Ya hemos llegado a un punto de no retorno en el que no basta con
reciclar adecuadamente los residuos, elegir fuentes energéticas no
contaminantes, desechar los envases de plástico o apostar por el transporte
público. Son gestos individuales que están muy bien, son necesarios y
sintomáticos de una toma de conciencia ciudadana responsable y respetuosa. Pero
si queremos salvar el planeta y, por lo tanto, salvarnos como especie, hemos de
aceptar la necesidad de un cambio más profundo y radical del modelo de vida en
la tierra.
Todo está inventado y la ciencia nos ha enseñado el camino. La
ONU lleva años avisando de las consecuencias que tendrá el calentamiento de
grado y medio o dos grados de la temperatura de la tierra, como consecuencia de
nuestro estilo de vida –llamado “desarrollado”–, movido por la codicia y la
producción sin límites, pese a que sabemos que los recursos que extraemos de la
naturaleza son finitos. Cuando el modelo económico neoliberal, llevado de su
propia soberbia, fuerza los límites de la naturaleza no tiene en cuenta las consecuencias
o, si las conoce, sigue en una huida hacia adelante convencido de que los
grandes avances de la modernidad terminarán por resolver el problema. Y resulta
que el planeta es un actor económico que no negocia –como bien dice Yayo
Herrero en su obra Toma de Tierra–, sino que impone
su realidad demostrando que el ser humano no es el centro del mundo, como sigue
advirtiendo la ciencia. Pero los poderosos no se lo toman en serio. quizás
porque las sociedades de países desarrollados no se lo han exigido, y siguen
negociando la reducción de emisiones como si fuera el juego del Monopoly;
continúan desarrollando un urbanismo depredador; no dejan de ignorar las
estaciones ni los ciclos de la vida de los animales porque solo les mueve la
insaciable demanda de los mercados; envenenan los mares, destruyen los bosques
y calientan los casquetes polares.
Nos dice la Biblia que Egipto padeció tremendas inundaciones a
causa de lluvias interminables que los profetas atribuyeron a las demandas de
Moisés, que invocó a Abadón, el ángel exterminador, dueño del
abismo y de las fuerzas oscuras. El Antiguo Testamento (para los cristianos) o
la Torá (para los hebreos) están salpicados de interpretaciones mágicas de
acontecimientos históricos a los que las religiones monoteístas que comparten
sus creencias han dado diversos sentidos para construir sus relatos morales.

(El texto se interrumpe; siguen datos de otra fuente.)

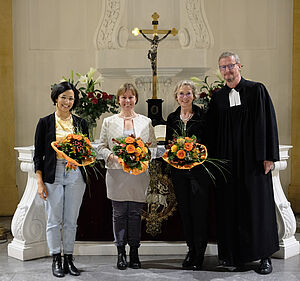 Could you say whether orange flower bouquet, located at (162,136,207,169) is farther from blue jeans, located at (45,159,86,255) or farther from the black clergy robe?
blue jeans, located at (45,159,86,255)

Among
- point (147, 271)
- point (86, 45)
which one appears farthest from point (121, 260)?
point (86, 45)

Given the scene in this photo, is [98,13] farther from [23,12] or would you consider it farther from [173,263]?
[173,263]

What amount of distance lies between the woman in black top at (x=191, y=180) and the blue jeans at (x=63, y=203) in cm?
86

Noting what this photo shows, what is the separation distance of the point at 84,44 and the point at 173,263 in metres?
3.73

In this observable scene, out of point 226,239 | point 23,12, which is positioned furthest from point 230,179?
point 23,12

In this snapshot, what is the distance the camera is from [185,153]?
3.91 m

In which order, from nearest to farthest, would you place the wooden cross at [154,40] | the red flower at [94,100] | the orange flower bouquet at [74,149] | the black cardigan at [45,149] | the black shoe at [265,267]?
the orange flower bouquet at [74,149], the black cardigan at [45,149], the black shoe at [265,267], the red flower at [94,100], the wooden cross at [154,40]

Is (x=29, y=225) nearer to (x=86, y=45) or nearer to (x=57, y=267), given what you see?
(x=57, y=267)

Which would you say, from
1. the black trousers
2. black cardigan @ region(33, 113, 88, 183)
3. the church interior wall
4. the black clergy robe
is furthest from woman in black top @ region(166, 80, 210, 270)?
the church interior wall

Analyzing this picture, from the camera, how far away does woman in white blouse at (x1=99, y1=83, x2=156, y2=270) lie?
4188mm

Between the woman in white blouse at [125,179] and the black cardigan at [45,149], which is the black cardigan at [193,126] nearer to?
the woman in white blouse at [125,179]

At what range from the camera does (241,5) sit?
7031 mm

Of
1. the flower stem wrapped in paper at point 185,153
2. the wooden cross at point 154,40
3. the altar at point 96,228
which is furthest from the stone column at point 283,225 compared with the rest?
the wooden cross at point 154,40

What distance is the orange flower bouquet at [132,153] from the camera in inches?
152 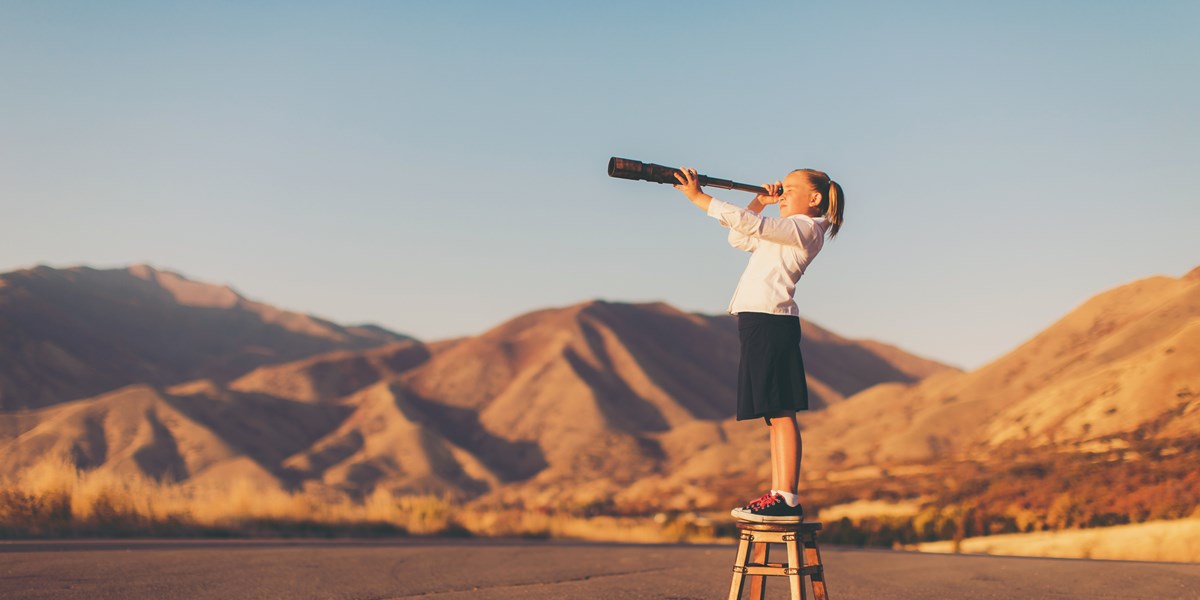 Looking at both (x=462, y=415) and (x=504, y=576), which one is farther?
(x=462, y=415)

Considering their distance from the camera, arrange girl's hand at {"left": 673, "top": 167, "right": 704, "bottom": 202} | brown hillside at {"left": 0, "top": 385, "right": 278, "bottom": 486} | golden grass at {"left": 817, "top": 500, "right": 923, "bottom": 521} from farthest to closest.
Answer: brown hillside at {"left": 0, "top": 385, "right": 278, "bottom": 486}
golden grass at {"left": 817, "top": 500, "right": 923, "bottom": 521}
girl's hand at {"left": 673, "top": 167, "right": 704, "bottom": 202}

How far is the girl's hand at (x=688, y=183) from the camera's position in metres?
5.62

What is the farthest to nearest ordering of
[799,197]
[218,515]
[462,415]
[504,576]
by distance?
[462,415], [218,515], [504,576], [799,197]

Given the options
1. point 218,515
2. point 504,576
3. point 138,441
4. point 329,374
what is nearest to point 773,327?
point 504,576

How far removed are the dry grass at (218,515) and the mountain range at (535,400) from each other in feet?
72.8

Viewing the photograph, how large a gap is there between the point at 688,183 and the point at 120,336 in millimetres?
129156

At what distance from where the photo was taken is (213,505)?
19859mm

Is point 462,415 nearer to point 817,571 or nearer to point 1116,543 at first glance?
point 1116,543

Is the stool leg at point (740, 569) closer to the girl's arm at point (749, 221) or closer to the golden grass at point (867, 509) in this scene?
the girl's arm at point (749, 221)

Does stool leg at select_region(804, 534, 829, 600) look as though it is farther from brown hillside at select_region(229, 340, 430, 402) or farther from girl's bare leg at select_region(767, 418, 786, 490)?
brown hillside at select_region(229, 340, 430, 402)

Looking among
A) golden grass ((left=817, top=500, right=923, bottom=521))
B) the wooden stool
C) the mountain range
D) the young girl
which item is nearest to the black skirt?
the young girl

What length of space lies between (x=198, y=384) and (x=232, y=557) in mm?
96381

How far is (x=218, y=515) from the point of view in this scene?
762 inches

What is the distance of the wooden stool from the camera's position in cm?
506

Así se explican el diluvio universal, las siete plagas de Egipto, los castigos
divinos a Sodoma y Gomorra, los múltiples éxodos o las caídas apocalípticas de
imperios poderosos.
En este caso, no caben relatos mitológicos o creencias
heredadas. Ahora sabemos que no fue solo la fuerza de la naturaleza la que
embarró las calles del Levante, derribó viviendas y edificios centenarios,
ahogó bebés, ancianos y gentes de toda condición. No fueron fuerzas del mal las
que se cebaron con el pueblo. Fue la mano del hombre que no quiso ver la
realidad y no cuidó del planeta que le da la vida. Una acción humana de
desprecio por la tierra y de ambición desmedida por las fruslerías del
desarrollo tecnológico. No hay mejor metáfora y peor augurio que esas odiosas
imágenes de batallones de coches –símbolo de nuestro crecimiento económico–
sacudidos por la despiadada fuerza del agua, arrastrando vidas y haciendas de
personas inocentes. Se lo debemos a las víctimas. Cuando enterremos a nuestros
muertos y limpiemos las calles, dediquémonos a cuidar este planeta.